We are drywalling the kitchen and I'm curious what people think is the best way to position the drywall for a wall 8'3" H x 4' 6" W. Should I use 12' sheets and cut to lay vertically or 8' horizontal? If horizontal, Should I cut it to fit with 3 equal size pieces to accommodate the 3"?

Thanks.


----------



## AtlanticWBConst. (May 12, 2006)

Purchase 8' sheetrock and lay horizontally (after the ceiling sheetrock is installed).
Put the first sheet up tight to the ceiling, the second sheet under it. Install a strip on the floor part, which, at 3", should end up being covered by the baseboard (standard base is 3-1/2" wide (and may sit higher if you are installing flooring material too).


----------



## Sir MixAlot (Apr 4, 2008)

I would suggest to keep the drywall a 1/2" up off of the floor.


----------



## AtlanticWBConst. (May 12, 2006)

Sir MixAlot said:


> I would suggest to keep the drywall a 1/2" up off of the floor.


Good reminder for the DIYer.

To the OP,
Regardless of the size of your baseboard, we always subtract 1/2" off the lower sheet, or in this case the 3" strip. That way, you will not have to fight the sheetrock to install it, because that lower area will 99% of the time, be hidden from view. So, your strip will be about 2 -1/2" for ease of installation. (FWIW: Because of that strip's height and installation location, it is in effect, just a backer strip for your baseboard).


----------



## bakerhouse (Apr 3, 2008)

Thanks for the help. Ceiling is finished, walls tomorrow!


----------



## nap (Dec 4, 2007)

hey drywall guys! isn't there such thing as 54" (strangely enough exactly what the OP needs 4' 6") wide rock? is so, would it be worth the trouble to grab a sheet of 54" X 9' or 10' so there are no seams?

Not my gig but I don;t like seams so I though this might be a possibility.


----------



## buletbob (May 9, 2008)

I put A five foot wide piece on the top and then cut and install a four foot wide piece on the bottom. My spackler was charging me more for getting down on his knees to two coat the bottom seam, because when the wall was finished painted the recess in the drywall showed up on top of the base.
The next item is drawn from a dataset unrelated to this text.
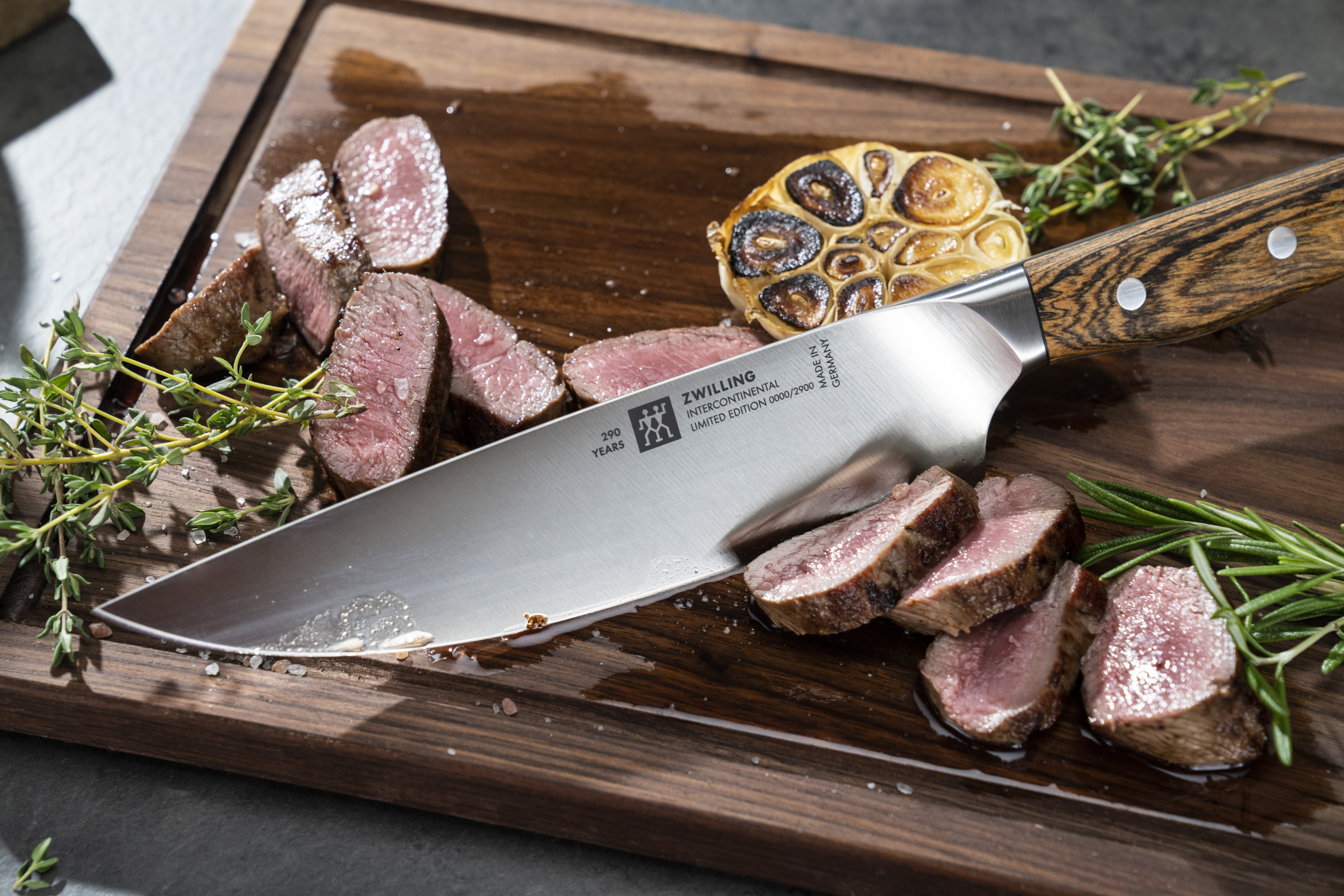 Zwilling Intercontinental nůž kuchařský limitovaná edice k 290 letému výročí, dřevo Bocote ( Palisandr )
I did not liked the way it looked and pulled the base, spackled the seam repainted and installed the base back.
just something to think about.


----------



## AtlanticWBConst. (May 12, 2006)

Now that you mention it, the 2" factory indentation of the lower side of a full sheet (factory edge), would in fact need to be "filled in". However, that is not a big issue, in terms of what needs to be done. 6" knife - fill in the indentation.
Filling (coating) an edge like that, is no where near the amount of work, of what coating an actual seam requires.


----------



## AtlanticWBConst. (May 12, 2006)

nap said:


> hey drywall guys! isn't there such thing as 54" (strangely enough exactly what the OP needs 4' 6") wide rock? is so, would it be worth the trouble to grab a sheet of 54" X 9' or 10' so there are no seams?
> 
> Not my gig but I don;t like seams so I though this might be a possibility.


Yes, there is such a thing as 54" wide sheets. They are primarily in demand for older homes with taller ceilings. Hope you have a 54" T-square to cut it straight...


----------



## nap (Dec 4, 2007)

AtlanticWBConst. said:


> Yes, there is such a thing as 54" wide sheets. They are primarily in demand for older homes with taller ceilings. Hope you have a 54" T-square to cut it straight...


cutting is the easy part. there is a straight edge on both sides.

if this was readily available, not only would it remove any seams in the field, it would also remove any reduced edge on the top or bottom since you would set it vertically and the reduces edges would be at the sides where you would be using corner bead and mudding anyway.

just a thought. Lke I said, rock ain't my gig.


----------



## tandyt (May 3, 2008)

54" is a little more difficult to find than 48". Most the houses in my area have 9 foot ceilings so we're always using 54". But since this is just a small patch, use whatever rock is easier to find. You will have the 2 1/2" recess to fill along with the bottom joint if you go with the 48". But it will be a recessed edge, so it is easy to fill and easy to get flat.


----------